Exposições, prémios e contactos são muito importantes. O tal “ponto de partida”, primeiro passo para Helen, Phoebe, Elaine e colegas. Para Denis Murrell, que a curiosidade e uma agenda de contactos oferecida por alunos de Macau em Melbourne trouxe ao território há 25 anos, o processo não foi tão simples. Partiu de um desses alunos. Cristina Mio, filha do pintor Mio Pang Fei. Segundo Murrell foi ela que, à chegada a Macau, o encorajou a pegar nos pincéis e meter mãos à obra.

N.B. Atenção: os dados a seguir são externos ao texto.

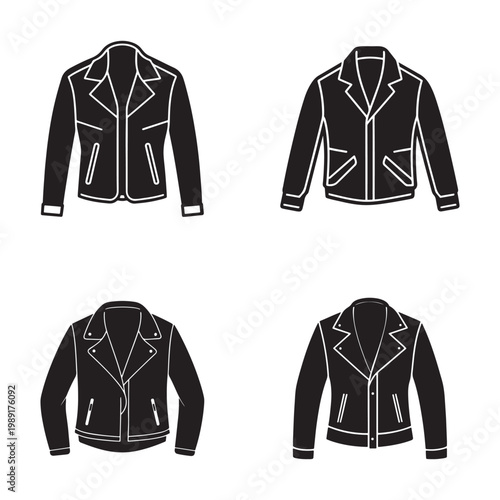 Four different black jackets with white outlines on a white background  various styles and designs of jackets  fashion and clothing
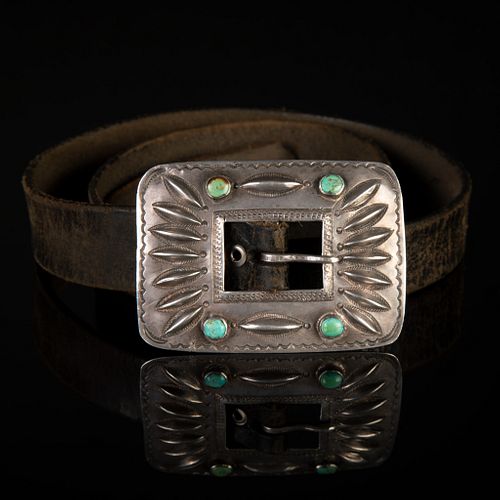 Foothills, California, Vintage Leather Belt and Diné Coin Silver Belt Buckle, ca. 1920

“O pai andava por aí e muita gente estava a fazer arte abstracta, coisa que sempre quis fazer, por isso pulei a cerca do semi-abstracto e atravessei o rio até ao abstracto – o que requer algum esforço, sabe? Não foi fácil”, confessa. “Li muitos livros, comprei muitas revistas, falei com pessoas do Instituto Cultural, pratiquei, fiz vários pequenos quadros que ofereci a pessoas até que um dia fiz a exposição na Casa Garden, organizada pelo Círculo dos Amigos da Cultura”, pronuncia o artista em português quase perfeito. Apenas o nome do Círculo, porque a aprendizagem do cantonês foi onde, há muitos anos, o pintor decidiu apostar todas as fichas.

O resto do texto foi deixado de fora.